President Donald Trump's widening trade war will buffet Minnesota even more should he follow through with threats to impose punitive tariffs as early as Monday on Mexico, the second-largest trading partner for both the U.S. and this state.

Worse still, Trump's goal here has nothing to do with the actual trade between the two nations. Rather, he is using tariffs as a blunt-force instrument to strong-arm Mexico into curbing the recent surge of immigrant crossings at the U.S. southern border.

Many of those crossing are not Mexican nationals, but refugees from countries farther south. With little warning and fewer details, Trump simply announced in a recent tweet that, "On June 10th, the United States will impose a 5% Tariff on all goods coming into our Country from Mexico, until such time as illegal migrants coming through Mexico, and into our Country, STOP. The Tariff will gradually increase until the Illegal Immigration problem is remedied." It was later learned that the rate could rise to 25% unless Mexico complied with a directive that is vague at best.

This kind of autocratic behavior is intolerable when the actions of one individual carry such risk for so many. The fallout from Trump's trade tirades is becoming increasingly evident in Minnesota.

As Trump has threatened and bullied this nation's closest allies, numbers have started to shift. Minnesota exports to top trade partner Canada fell 3% in the first quarter of 2019. Exports to third-ranked China plummeted 13% in the same period. Minnesota soybean and pork producers felt the sting there. Overall exports to Mexico grew 5% in the same period, but a closer look reveals that food byproducts and meat exports are both down. It is Minnesota's top destination for exports of corn, poultry, wheat and dairy and a close second for pork and soybeans.

New tariffs, regardless of the Trump administration's spin, would inflict needless costs for Minnesota's producers and consumers alike. And there is the distinct probability that Mexico would respond in kind with retaliatory tariffs on U.S. goods. After years of duty-free trade, Mexico, the U.S. and Canada have developed intricately interlocking economic relationships and supply chains on everything from car parts to corn. The U.S.-Mexico trade relationship alone amounted to $678 billion last year. That is not something to be jeopardized lightly.

As we've noted before, the power to unilaterally enact tariffs has, in Trump's undiscerning hands, become a weapon that is causing havoc with long-established trade relationships. If there is no other guardrail here, an absolute one should be a prohibition against using tariffs for issues unrelated to trade. Trump's unwillingness to work with Congress on comprehensive immigration reform does not entitle him to wreck vital trade relationships.

This country should both secure its borders and entry points while also figuring out a humane, reasonable way to deal with the growing numbers of refugees, many of them families fleeing violence in their home countries. That kind of nuanced, effective policy will come about through respectful collaborations with Congress and the Mexican government, which is both a sovereign nation and strong U.S. ally and trading partner.

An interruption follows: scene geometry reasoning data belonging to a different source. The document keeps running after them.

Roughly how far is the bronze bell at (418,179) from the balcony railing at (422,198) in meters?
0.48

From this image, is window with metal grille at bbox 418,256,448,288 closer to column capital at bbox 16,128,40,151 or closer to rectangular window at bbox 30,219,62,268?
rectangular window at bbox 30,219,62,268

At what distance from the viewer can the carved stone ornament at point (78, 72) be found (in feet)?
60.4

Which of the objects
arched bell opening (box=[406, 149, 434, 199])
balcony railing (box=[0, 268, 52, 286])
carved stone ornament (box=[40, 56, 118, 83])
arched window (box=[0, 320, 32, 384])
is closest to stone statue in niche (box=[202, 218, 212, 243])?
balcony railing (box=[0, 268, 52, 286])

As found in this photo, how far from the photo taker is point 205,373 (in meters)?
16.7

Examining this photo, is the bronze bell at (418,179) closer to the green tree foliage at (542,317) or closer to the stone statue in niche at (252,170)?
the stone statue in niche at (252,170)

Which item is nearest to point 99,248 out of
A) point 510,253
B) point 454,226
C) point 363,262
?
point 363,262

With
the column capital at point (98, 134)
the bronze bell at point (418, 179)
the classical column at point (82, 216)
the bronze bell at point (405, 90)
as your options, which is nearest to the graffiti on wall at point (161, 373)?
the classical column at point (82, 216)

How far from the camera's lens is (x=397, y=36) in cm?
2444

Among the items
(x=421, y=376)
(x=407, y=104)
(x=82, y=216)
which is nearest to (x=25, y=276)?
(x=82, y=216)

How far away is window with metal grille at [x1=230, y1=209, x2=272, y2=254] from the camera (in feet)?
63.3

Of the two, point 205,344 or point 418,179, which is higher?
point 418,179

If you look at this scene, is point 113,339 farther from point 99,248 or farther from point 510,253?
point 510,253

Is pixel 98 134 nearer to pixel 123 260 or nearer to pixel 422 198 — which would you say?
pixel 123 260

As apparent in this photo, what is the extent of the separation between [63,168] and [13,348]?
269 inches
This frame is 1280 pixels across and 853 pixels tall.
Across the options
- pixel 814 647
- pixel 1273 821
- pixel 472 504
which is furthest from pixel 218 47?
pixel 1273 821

Still hanging in the balance is the U.S.-Mexico-Canada (USMC) trade agreement that replaced NAFTA, which governed economic relations across North America for decades. House Agricultural Committee Chairman Collin Peterson, D-Minn., told CBS recently that new tariffs on Mexico would make congressional ratification of the new agreement "virtually impossible."

It's no secret by now that Trump is enamored of tariffs in large measure because he can wield them on little more than his own whim. Allowing him to broaden his power to issues not related to trade is a precedent this country dare not set.